US, Italy Address Libya’s Internal, External Challenges

Libya’s new government and its security challenges are the focus for diplomats Monday as they gather in Vienna to discuss the situation in the country which has been grappling to overcome the chaos that followed the 2011 ouster and killing of leader Moammar Gadhafi.

U.S. Secretary of State John Kerry and Italian Foreign Minister Paolo Gentiloni are co-hosting the session aimed at supporting the Government of National Accord that Western powers hope can unite Libya.

The internationally recognized government is facing challenges from rival factions.

The new government is also being challenged by Islamic State-affiliated militants who have established a base in the central city of Sirte and have used that base to launch attacks in neighboring Tunisia.

All of the participants in Monday’s ministerial meeting would likely agree that Islamic State is a “huge problem for Libya and the region,” said a senior State Department official.

“Libya is a keystone for access to the Sahel, the Maghreb, the Near East and the Mediterranean and Europe and to have Daesh have a foothold in Libya is bad for everybody,” said the official in a Friday briefing.

Nagorno-Karabakh

Another focal point for Kerry Monday is a multinational effort to help stabilize Nagorno-Karabakh, an ethnic Armenian enclave within Azerbaijan that was the scene of intense fighting in April.

The two countries accused each other of violating a cease-fire. The flare-up was partly fueled by a worsening economic situation in Azerbaijan because of the fall of oil prices.

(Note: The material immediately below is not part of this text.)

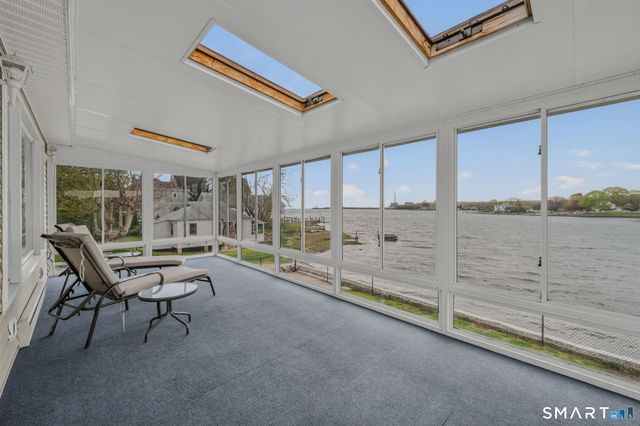 224 Shore Road, Waterford, CT 06385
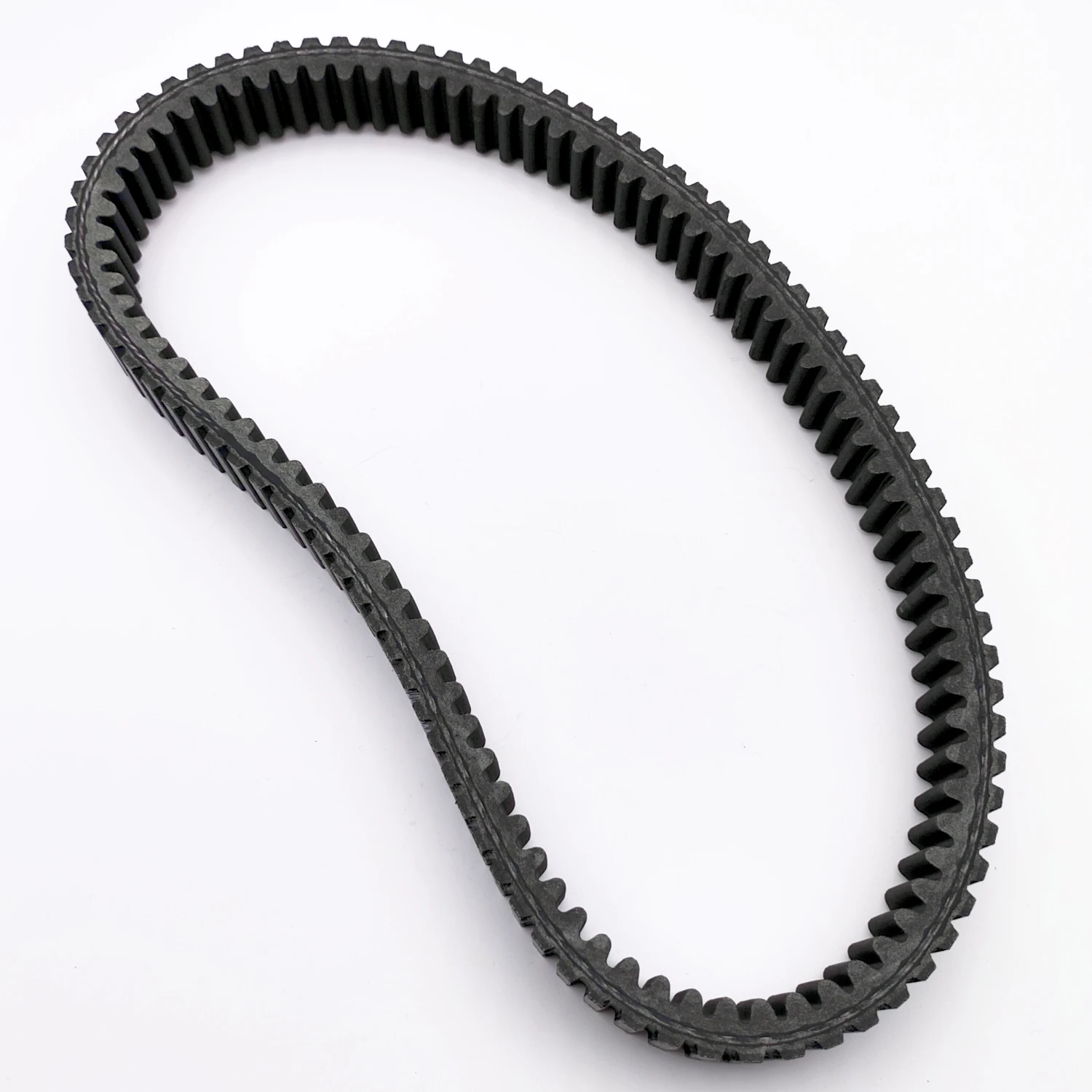 

Drive Belt for SMC BALTMOTORS JUMBO 700 MAX J-Max 700 MBX 700 JUMBO 720 JUMBO 720 LONG JUMBO 730R GLADIATOR 720 750 25741-MAX-00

The U.S., Russia, and France serve as co-chairs of the OSCE (Organization for Security and Cooperation in Europe) Minsk Group, which has been working to find a peaceful solution to the Nagorno-Karabakh conflict.

Additionally, separate talks will be held with the presidents of Armenia and Azerbaijan.

Ongoing concerns

The talks in Vienna follow Kerry’s visit to Saudi Arabia where he sought that government’s support in strengthening a cessation of hostilities agreement between Syrian government forces and rebels ahead of broader talks on Syria.

Tuesday, the 17-nation International Syria Support Group (ISSG) will convene in Vienna to discuss the stalled political talks, difficulties in maintaining the February cease-fire and the U.N.’s uneven results in delivering humanitarian aid.

“Not all of the trend lines in Syria are going in the right direction,” said State Department spokesman John Kirby on Friday.

U.N. Syria envoy Staffan de Mistura has indicated he will await the results of the ISSG meeting before setting a date for the next round of proximity talks between the government and the opposition.

In addition to Vienna, Kerry will attend a NATO ministerial meeting in Brussels and then will travel to Burma in a show of U.S. support for the country’s newly elected government.

In the following week, Kerry will join President Barack Obama in Vietnam.